A special thanks also needs to go to all those land owners who grant us permission to search their properties. Much of Loudoun’s best natural habitat is still found on private property or public land which is rarely accessible. These permissions and the many people who do the actual counting combine to make the Audubon Christmas Bird Counts the most successful example of citizen science there is.
The highlights of the 91 bird species and the 32,493 individuals we saw this year were our first Loggerhead Shrike since 1997, and two Palm Warblers, the first ever seen on our count. Kurt Gaskill and Rich Rieger saw the Loggerhead Shrike and Kurt heard one of the Palm Warblers while Bob Abrams and Yusef Gantt found the other Palm Warbler.
While we counted fewer owls and waterfowl than we do most years, a Long-eared Owl was found. We had high counts for a number of species, including 175 Common Mergansers, 524 Fish Crows, seven Catbirds, an extraordinary 8,802 American Robins, most of them seen by Phil Merritt along the C&O Canal in Maryland , and 68 Swamp Sparrows. Like many other local counts this year we had high numbers of Red-breasted Nuthatches (26), Golden-crowned Kinglets (81), and Purple Finches (81). While we saw fewer Red-tailed Hawks (91), we saw a lot more Red-shouldered Hawks (80).

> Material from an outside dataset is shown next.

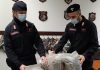 Trovati con 4 kg di marijuana. Arrestati padre e figlio. Domani compariranno davanti al Gip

One of the more interesting aspects of the count is that now, with nine years of data, we can start to monitor trends in our local bird populations. For example, there was a large decrease (over 50 percent in some cases) of Carolina Chickadees, Tufted Titmouse and Eastern Bluebirds in both 2003 and 2004. Much of this decline is probably a result of a very cold and wet spring in 2003, but other factors such as West Nile Fever may have also played a role. It appears that all of those species have rebounded to their pre-2003 numbers. Unfortunately, other species, such as Northern Bobwhite, have virtually disappeared from the area and do not seem to be making a comeback.
Over 30 of us finished the day with a Tally Rally, underwritten by the Loudoun Wildlife Conservancy and the Bird Feeder. Darrell and Jane Schwalm coordinated the dinner and were assisted by Sandy and Warren Reufer. Without them the Tally Rally would never have occurred let alone been such a fine way to end a great day of birding!